### Given information
+ + + + + + +

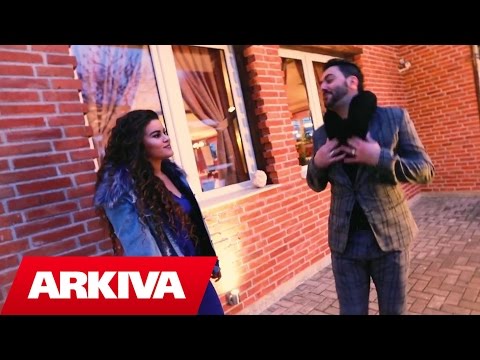 Nikolla & Ardita - Qa me bo (Official Video HD)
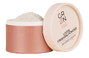 GRN Loose Finishing Powder Snow White 8GR 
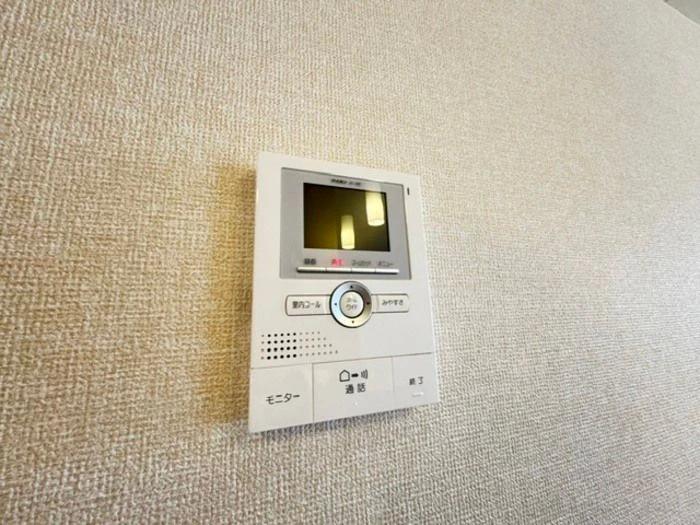 ＪＲ日豊本線 下曽根駅 徒歩31分 2階建 築11年のその他写真
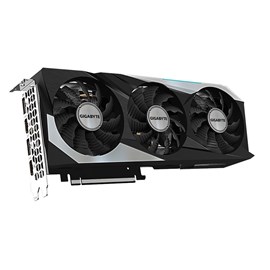 Gigabyte GV-N306TGAMING OC PRO-8GD GeForce RTX3060Ti Gaming Pro OC 8GB GDDR6 256 Bit Ekran Kartı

+ + + + + + +

### Directions
Please retype the lines from the one that contains "ＪＲ日豊本線 下曽根駅 徒歩31分 2階建 築11年のその他写真" through the final line of the data, both included, without any pictures.

### Response area
 ＪＲ日豊本線 下曽根駅 徒歩31分 2階建 築11年のその他写真
 Gigabyte GV-N306TGAMING OC PRO-8GD GeForce RTX3060Ti Gaming Pro OC 8GB GDDR6 256 Bit Ekran Kartı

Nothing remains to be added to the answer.